In this module, what we're interested in discussing is,

how do we encode large amounts of data?

We've talked about now parallel

coordinate plots and scatter plots,

but we still want to think about,

what if we have a really large set of multivariate data?

What way can we show this on a graphical image?

So first, let's just start

thinking about some problems with the scatter plot.

So I've got my dataset.

Let's think about country,

GDP, and life expectancy.

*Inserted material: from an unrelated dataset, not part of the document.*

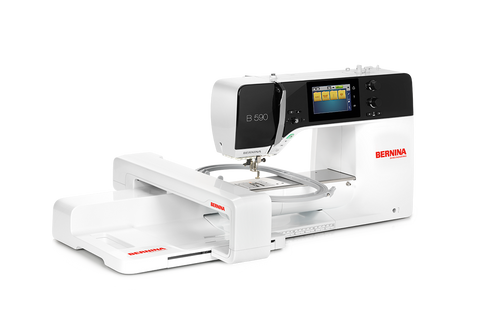 BERNINA 590E (incl. Embroidery Module)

All right.

Instead of country, maybe I do this just

by state or county level in the US,

or the equivalent county level across the world.

So I might have a million entries here.

So my scatter plot is going to have a million dots.

As I keep adding these dots,

I get this overplot and I can't see thing,

I can't determine patterns anymore.

The same if I do my parallel coordinate plots,

the more lines I add,

the less patterns I can see.

To some extent, we're completely

limited by our screen real state.

I can only fit a scatter plot as big as my screen.

So if my screen is 1024 by 768,

I can only get a million points on each spot,

each pixel can represent an element of my data.

That's the concept behind the pixel based display,

is that the most data we can represent

is based on our screen real state.

So if every pixel on the display

represents its own data element,

we can start having these pixel based images.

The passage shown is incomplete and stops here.